1. Doğru Tekliflerin Tasarlanması
Günümüzde pek çok kurumsal şirket CRM alanında müşteri segmentasyonu yapmaktalar. Fakat MD alanında önde gelen şirketler segmentleri tanımlarken müşteri demografik yapıları, ihtiyaçları ve diğer özelliklerinin benzerlik olasılıkları harici şirketlerini segmentleri içinde savunma ve aynı segment içindeki diğer müşterilere önerme sıklığını da göz önünde bulundururlar.
Marka taraftarlığı (brand / customer advocacy) olarak bilinen bu terim Net Öneri Skoru (Net Promoter Score - NPS) olarak özetlenmekte. NPS , bir şirketin sadık müşterilerini öğrenme, sayısını arttırma ve tüm MD uygulamalarının ciroya etkisinin ortaya çıkarılması konusunda en çok takip edilen değişkenlerden biridir. Sadık müşterilerin tespiti ve yaygınlaştırılması konusunda istatistiksel bir model oluşturmak için Fred Reichhel, sadık müşterilerin daha çok alım ve geri bildirim yaptıklarını ve satın aldıkları ürünü başkalarına da önerdiklerini görmüştür. İlk iki öğenin şirketlerin elindeki bilgilerle edinilebildiğini ama sonuncusunun müşterilere ait bir bilgi olduğunu anlayınca NPS ortaya çıkmıştır. NPS, “satın aldığınız ürün/hizmeti başkalarına önerir misiniz” ve bunun cevabını takiben “neden” sorularından oluşan son derece kısa, anlaşılır bir ankettir. Birinci soruya müşteriler 1-10 arası bir ölçekte cevap vermektedirler. Buna göre 1-6 arası puan verenler aleyhte konuşanlar (detractors), 7-8 arası puan verenler nötr (neutral), 9-10 puan verenler ise gönülden destekleyenler olarak adlandırılmaktadır. NPS soruların yöneltildiği grupta toplam gönülden destekleyen müşteri adedinin aleyhte konuşan müşteri adedinden çıkartılması sonucu elde edilir.
Basit ve kolay anlaşılabilir bir ölçüt olduğu için NPS bir şirketin MD etrafında koordinasyonunun sağlaması ve yönlendirilmesi için en uygun kriter olduğu kabul edilmiştir. Bu ölçüt ile oluşturulan yandaki matristen de görülebileceği gibi şirketlerin hedefi maksimum sayıda müşterisini yüksek karlılık ve yüksek destek alanına taşımak olmalıdır. Müşterilere ait satın alma verileri ile NPS’in birleştirilmesi sonucu oluşan bu matriste şirketler için önemli olan;
a. Yüksek karlılığa sahip aleyhteki müşteriler için ise destek alanına çekilmesine yardımcı olacak etkenlerin geri bildirimler aracılığıyla elde edilmesi,
b. Düşük karlılığa sahip destekleyici olan müşterilere yeni ürünler ve hizmetler sunarak ya da çapraz satış uygulamaları ile cüzdan payını arttırmaktır.
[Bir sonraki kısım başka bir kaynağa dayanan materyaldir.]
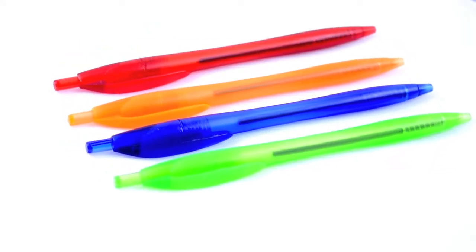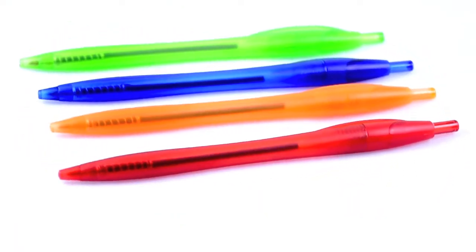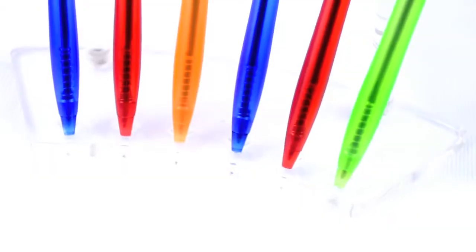When it comes to promotional items, it is important to use a product that catches people's attention. Our new transparent barrel European style ballpoint pen is perfect for doing just that. These pens are about five and a half inches long with an hourglass figure, and they come in a variety of assorted translucent colors.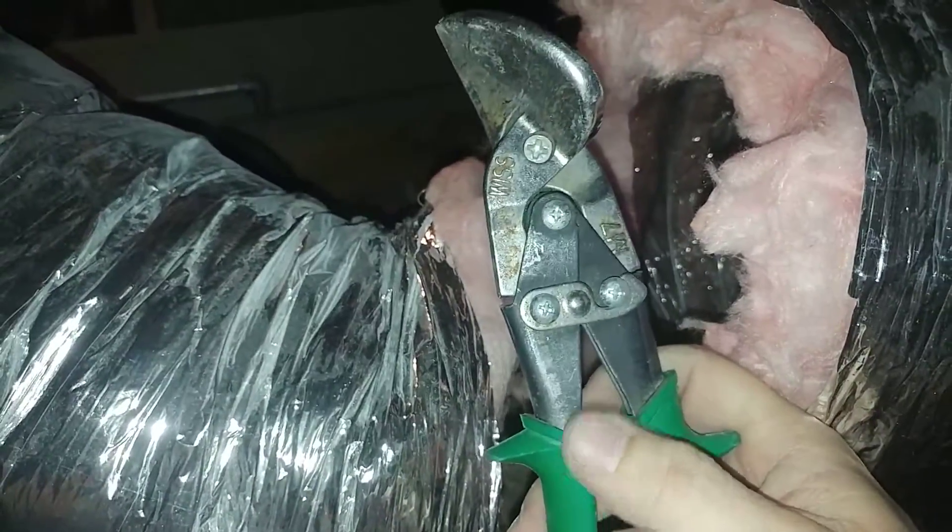We're going to cut this and separate this all the way. I've gone ahead and separated that, all except for this one little wire, and that requires a pair of tin snips. So I have that cut.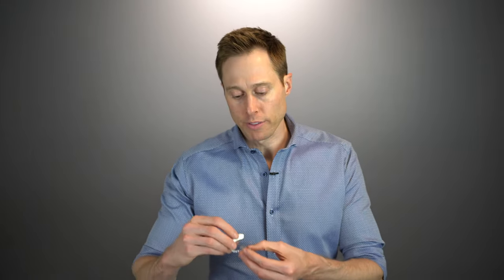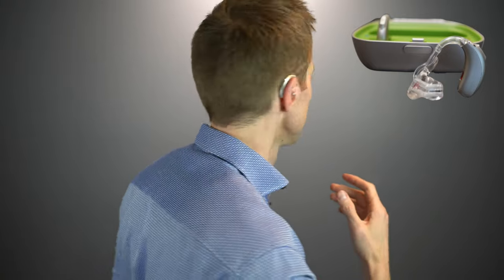Phonak recently released their new Naida Lumity behind the ear power rechargeable hearing aid, as well as their ultra power hearing aid that uses a 675 battery. Let me go ahead and show you what both of these look like as I wear them. I'm first going to put on the Naida Lumity PR hearing aid, which is the smaller of the two. It does have a rechargeable battery inside of it.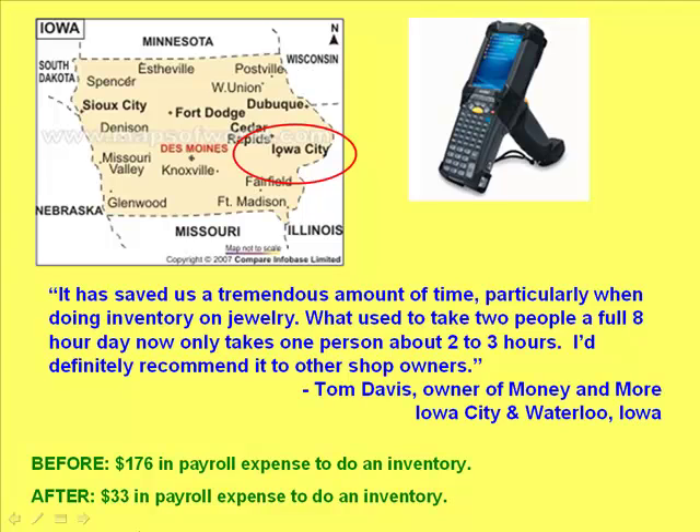If Mr. Davis used a figure of $11 per hour for his employees, what used to cost $176 in payroll expense for doing jewelry inventory now costs him $33. That's a savings of $143 per inventory. That doesn't include the cost of solving problems that would arise due to errors in manual data entry, or the inconvenience cost of taking away one employee from the shop floor during business hours to conduct inventory.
Bu hedeflere ulaşmak için kurgulanan MD uygulamaları segmentlerde düşünüldüğünde farklılıklar gösterecektir. Bu nedenle aynı MD uygulamasının bir segmenti olumlu etkilerken diğer segmenti olumsuz etkileme olasılığı yüksektir.
Örnek olarak Vodafone 90’larda uluslararası çapta yaptığı organik büyümelerle pek çok ülkede faaliyete geçti. Her ülkede farklı segmentasyonlara sahip olunan mobil segmentinde Vodafone küresel olarak tüm müşteri portföyünü farklı hizmetler ve sunum teknikleri ile birleştirerek farklı MD uygulamaları geliştirmiştir. Genç kesim için oyun, müzik ve internet benzeri içerik yoğunluklı servis olan Vodafone Live’ın kullanılması, genel ihtiyaçları için bu hizmeti kullanan müşteriler için Vodafone Simply gibi…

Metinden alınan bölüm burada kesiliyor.